▸ **WHAT YOU SHOULD DO**
Report the lines of the material that carry the string "Series".

▸ **RECORDED DATA**
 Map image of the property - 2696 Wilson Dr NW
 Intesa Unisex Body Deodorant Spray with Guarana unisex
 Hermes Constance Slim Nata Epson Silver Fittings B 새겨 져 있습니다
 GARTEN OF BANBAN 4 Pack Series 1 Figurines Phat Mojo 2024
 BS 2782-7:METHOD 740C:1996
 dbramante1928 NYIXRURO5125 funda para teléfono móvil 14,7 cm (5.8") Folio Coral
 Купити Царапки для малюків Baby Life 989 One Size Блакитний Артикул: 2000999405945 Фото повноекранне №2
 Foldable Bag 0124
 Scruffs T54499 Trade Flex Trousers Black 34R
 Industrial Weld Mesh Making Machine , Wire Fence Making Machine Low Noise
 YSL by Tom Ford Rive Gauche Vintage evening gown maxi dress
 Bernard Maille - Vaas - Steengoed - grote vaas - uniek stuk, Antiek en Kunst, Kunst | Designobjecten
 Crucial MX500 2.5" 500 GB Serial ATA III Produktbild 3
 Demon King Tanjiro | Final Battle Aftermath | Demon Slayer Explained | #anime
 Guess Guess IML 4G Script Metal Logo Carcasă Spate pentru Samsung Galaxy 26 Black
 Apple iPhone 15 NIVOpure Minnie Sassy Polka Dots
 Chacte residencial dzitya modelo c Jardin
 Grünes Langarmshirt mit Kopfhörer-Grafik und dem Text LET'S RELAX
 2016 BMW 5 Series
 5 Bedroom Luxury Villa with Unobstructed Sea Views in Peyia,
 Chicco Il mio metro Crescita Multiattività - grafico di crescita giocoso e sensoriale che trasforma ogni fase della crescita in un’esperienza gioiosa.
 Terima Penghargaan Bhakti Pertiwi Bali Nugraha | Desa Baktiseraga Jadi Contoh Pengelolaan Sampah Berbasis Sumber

▸ **ANSWER TO THE EXERCISE**
 GARTEN OF BANBAN 4 Pack Series 1 Figurines Phat Mojo 2024
 2016 BMW 5 Series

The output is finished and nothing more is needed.